Directions: Using the material below, print a verbatim copy of every line from the one containing "404 Kayla Lane, Church Point, LA 70525 - #3" through the one containing "HC-AQ0235D 三菱電機 未使用 箱なし サーボモータ", inclusive, and omit the pictures.

Material for the task:
※ ※ ※

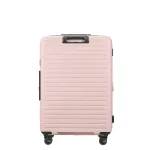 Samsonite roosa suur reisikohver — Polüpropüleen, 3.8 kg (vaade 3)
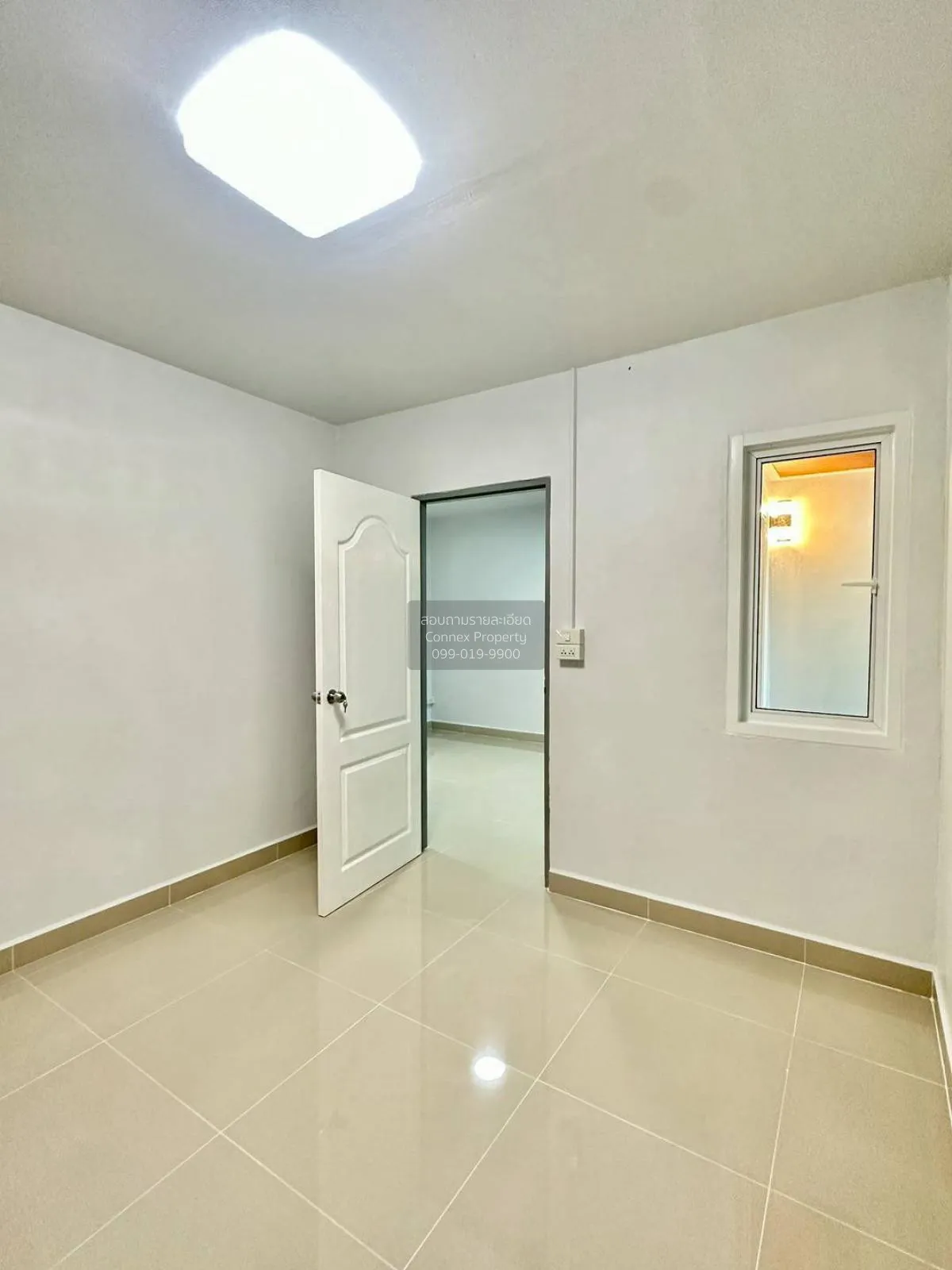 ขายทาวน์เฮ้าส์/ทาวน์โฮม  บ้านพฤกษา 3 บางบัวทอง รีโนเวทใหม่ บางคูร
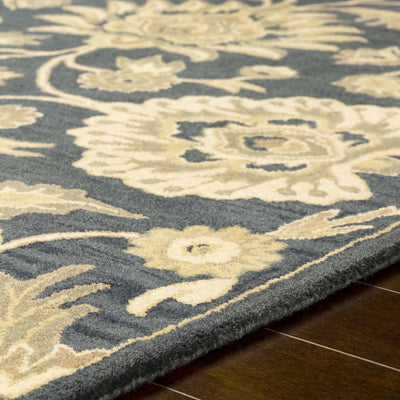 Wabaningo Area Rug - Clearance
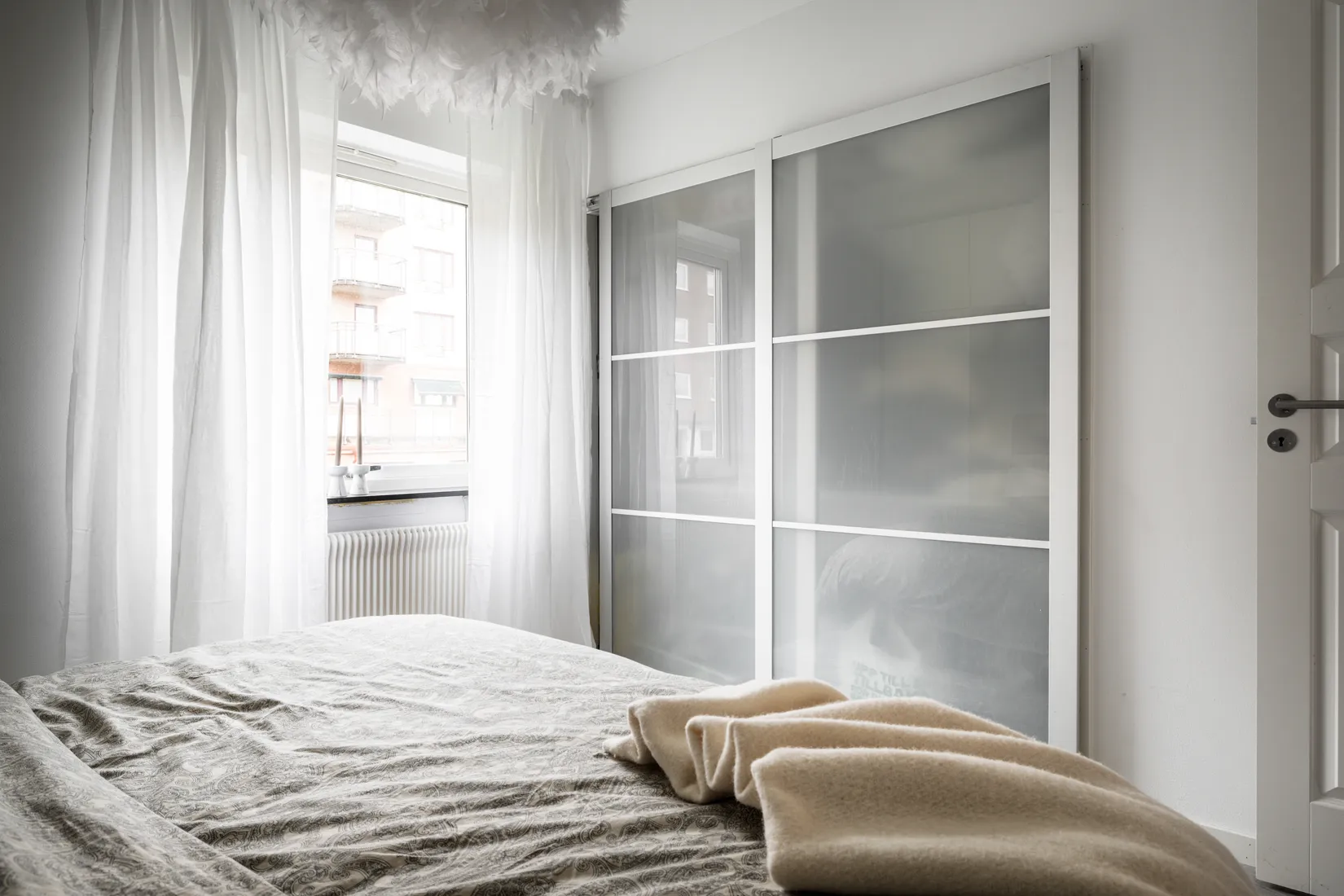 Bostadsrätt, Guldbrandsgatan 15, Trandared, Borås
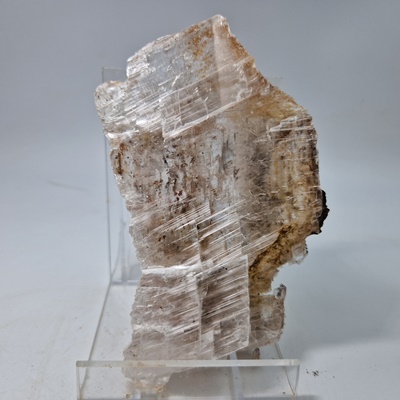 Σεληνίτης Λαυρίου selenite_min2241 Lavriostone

※ ※ ※

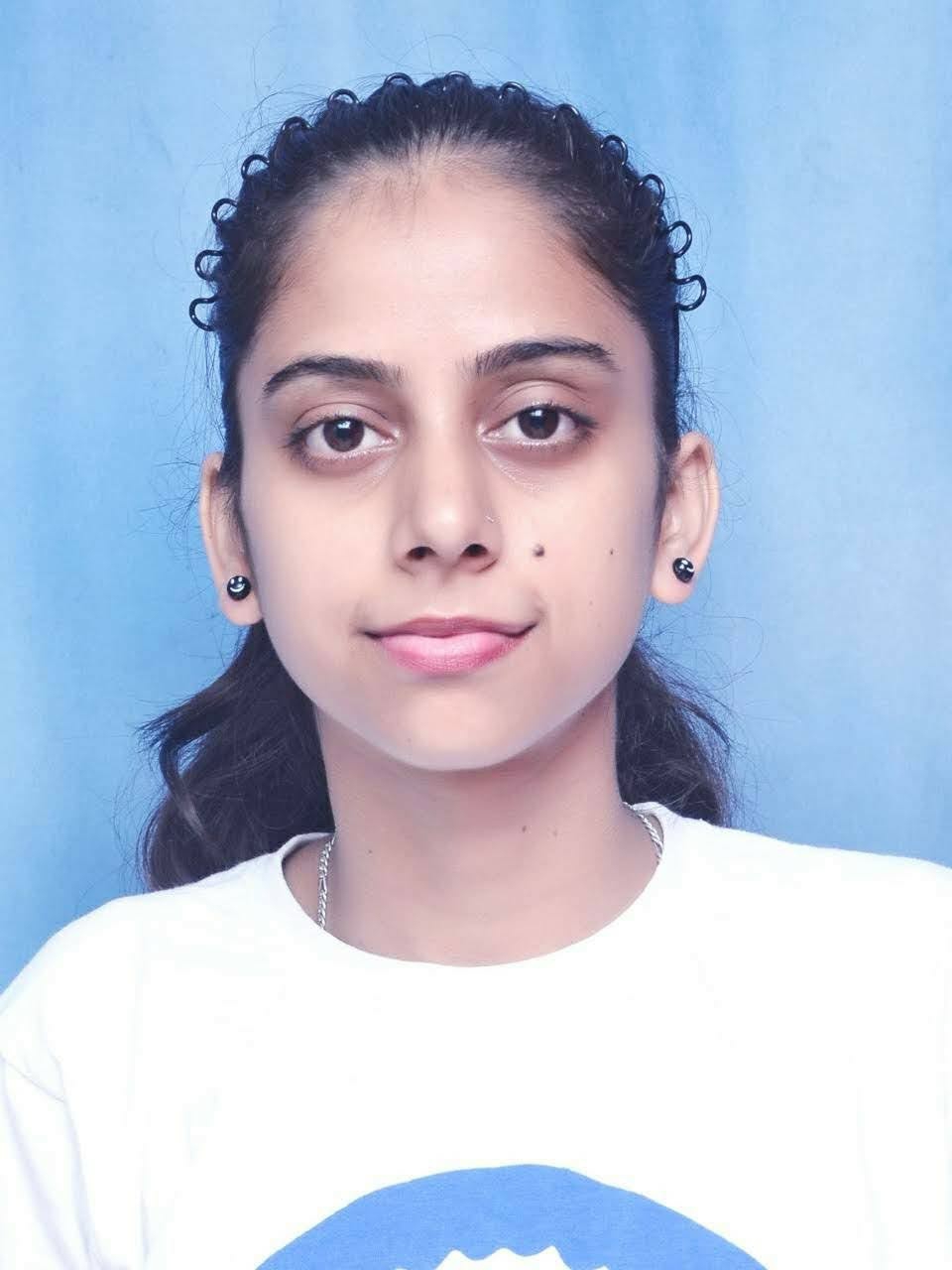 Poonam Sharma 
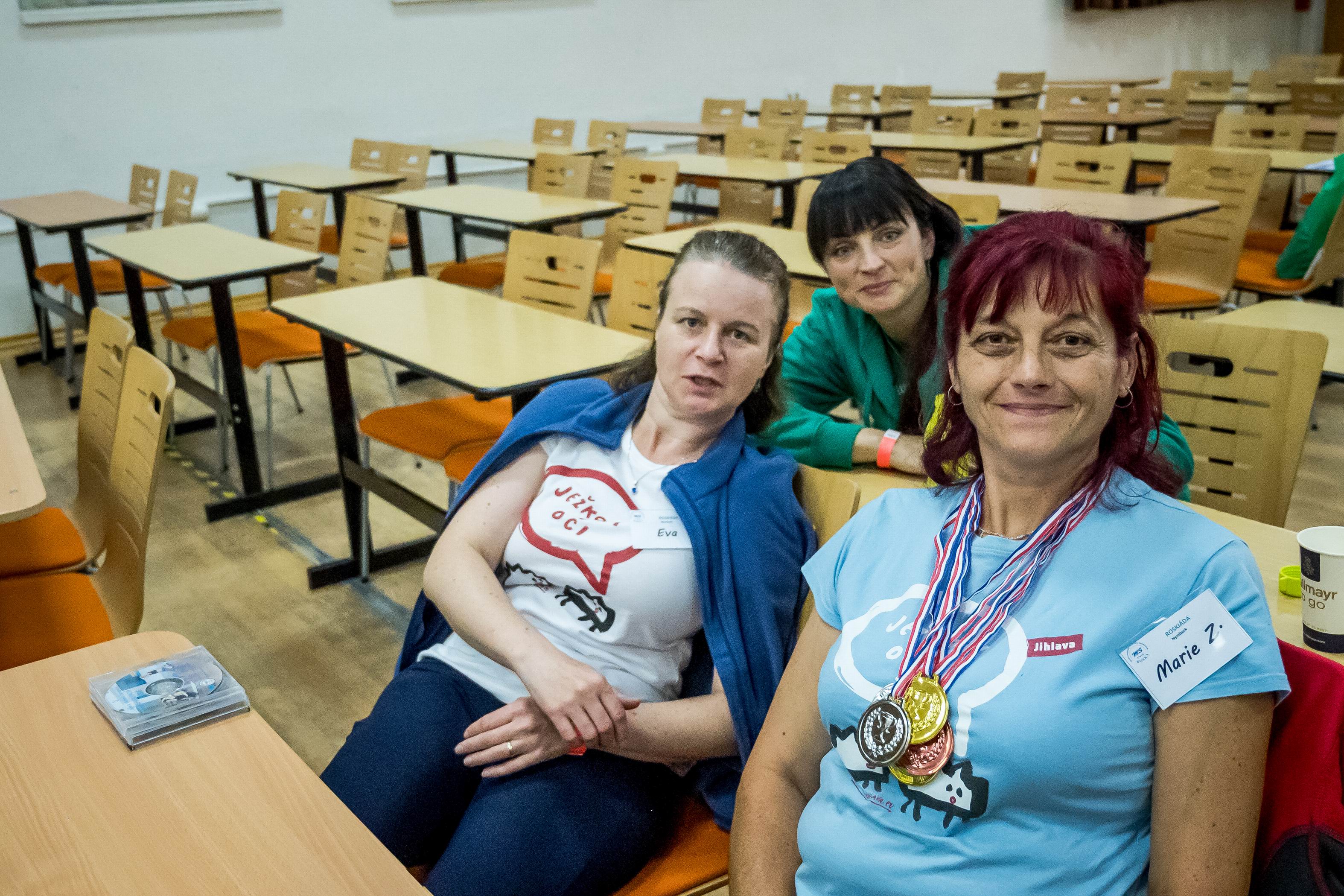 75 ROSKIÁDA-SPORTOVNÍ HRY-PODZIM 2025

※ ※ ※

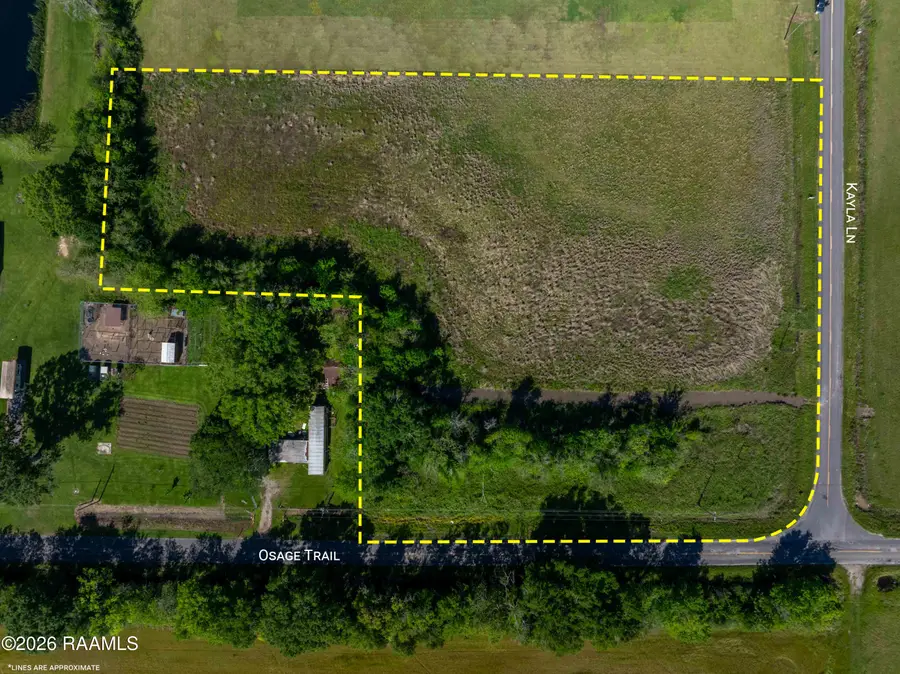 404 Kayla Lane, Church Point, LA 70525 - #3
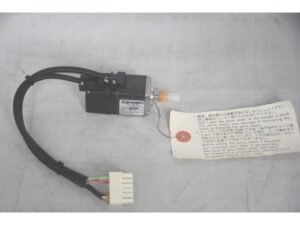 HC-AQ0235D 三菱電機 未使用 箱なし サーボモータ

※ ※ ※

Output of the task:
 404 Kayla Lane, Church Point, LA 70525 - #3
 HC-AQ0235D 三菱電機 未使用 箱なし サーボモータ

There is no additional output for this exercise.